◆ AVAILABLE DATA:
################

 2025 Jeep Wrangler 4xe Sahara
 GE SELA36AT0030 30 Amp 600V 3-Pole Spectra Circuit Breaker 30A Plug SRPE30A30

################

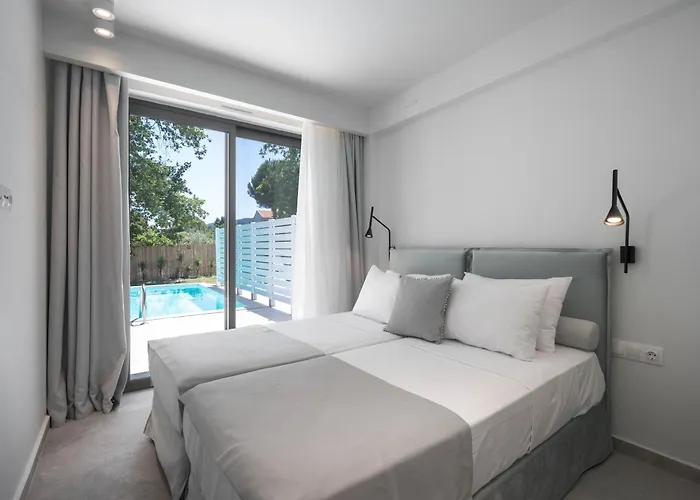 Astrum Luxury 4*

################

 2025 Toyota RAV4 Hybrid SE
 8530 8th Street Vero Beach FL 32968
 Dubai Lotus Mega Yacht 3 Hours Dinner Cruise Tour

################

◆ PROBLEM REQUIREMENTS: Which lines above run from the one containing "8530 8th Street Vero Beach FL 32968" to the one containing "Dubai Lotus Mega"? Give them again exactly, both ends included.

◆ RESULT OF THIS EXERCISE:
 8530 8th Street Vero Beach FL 32968
 Dubai Lotus Mega Yacht 3 Hours Dinner Cruise Tour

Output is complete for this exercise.